S.P. : Agilauto, c’est en France, la capacité pour les agences des Caisses régionales du Crédit Agricole et de LCL, de louer en longue durée des voitures. Tant pour les particuliers que pour les entreprises et les professionnels. Je pense que la commercialisation par les agences va exploser. C’est également un énorme levier pour le marché de l’occasion. Aujourd’hui, vous avez sur le site agilauto.com l’une des plus grosses concessions digitales de France. Actuellement, plus de 10 000 voitures sont proposées en location, qu’elles soient neuves ou d’occasion. Pour l’instant, les véhicules sont sourcés par des tiers. Mais si demain, nous voulons réinjecter nos retours de LLD ou de LOA, nous pourrons le faire et élargir cette offre. En 2024, notre point d’action se portera d’ailleurs sur notre capacité à faire du remarketing.

 

J.A. : N’est-ce pas une forme de concurrence avec les sites de vos propres partenaires ?

S.P. : Aujourd’hui dans le secteur automobile, tout le monde est à un moment ou un autre concurrent de tout le monde.

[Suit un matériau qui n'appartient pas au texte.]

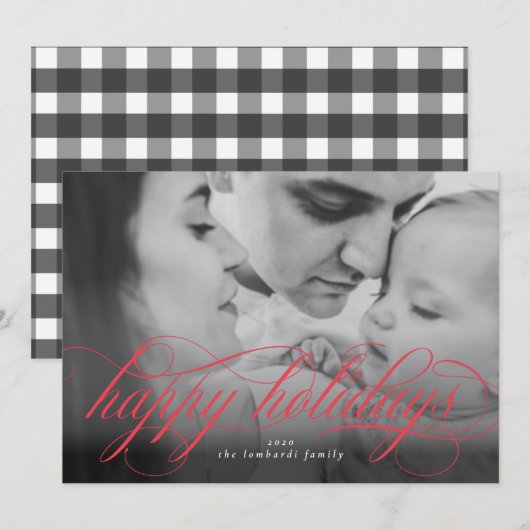 Happy Holidays Script Foto Weihnachtskarte Ankündigung (Vorne/Hinten)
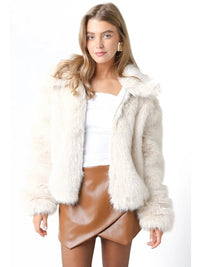 Emily Faux Fur Zip Up Jacket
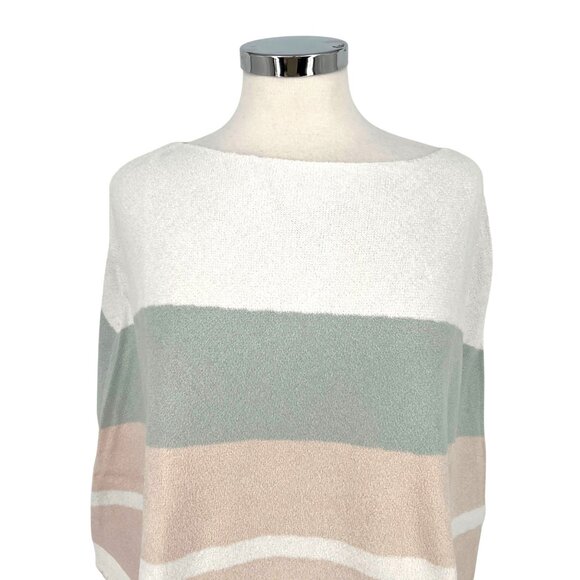 Barefoot Dreams CozyChic Ultra Lite Ocean Breeze Poncho Pink Multi Stripe NWT - Picture 2 of 11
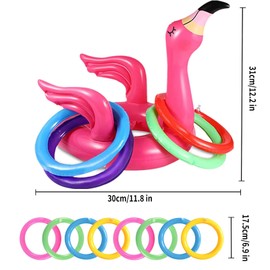 EKKONG 2 Flamingo Inflatable Throwing Game, Ring Toss Game Children, Throwing Game Party Hats, Pool Toy Children with 8 Pieces Throwing Rings Toy, Outdoor Games for Hawaii Summer Party Wedding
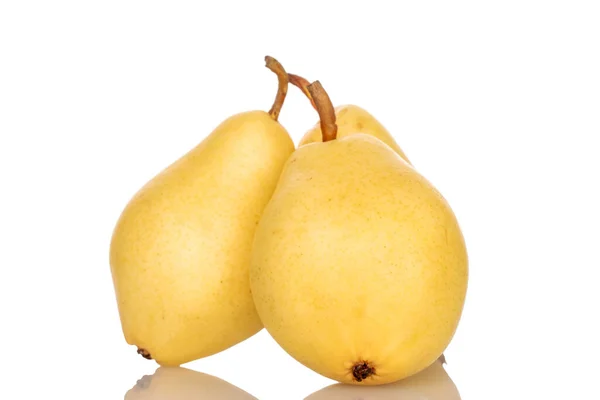 Three Ripe Organic Yellow Pears Close Isolated White — Foto de Stock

C’est la réalité. Je ne vois pas de concurrence frontale. Le marché est tellement ouvert que c’est in fine le client qui choisit. Lorsqu’un marché est aussi ouvert, personne ne peut vous dire que vous êtes en concurrence. On ne gagne pas en fermant ce marché.

 

J.A. : Est-ce que des captives de constructeurs pourraient être en danger ?

S.P. : Le critère est très simple. Est-ce que vous avez dans une captive de taille moyenne les moyens de gérer plus de dix pays et du digital performant ? Si la réponse est oui, il n’y a pas de raison que vous ne surviviez pas. Sinon, il faut s’allier avec quelqu’un d’autre. La technologie, l’outil digital et de gestion informatique sont des sujets centraux. Et avec la compression des marges, la rentabilité va baisser. Aujourd’hui, celle-ci est encore très importante. Mais demain avec les nouveaux défis de la technologie et de la digitalisation, des risques peuvent survenir. N’oublions pas qu’une vingtaine de nouvelles marques arrivent ou vont arriver sur le marché européen dans les deux ans à venir : GM qui revient, Gac avec Aion, Vinfast, Fisker, BYD…

 

J.A. : Comment évoluent les marges actuellement ?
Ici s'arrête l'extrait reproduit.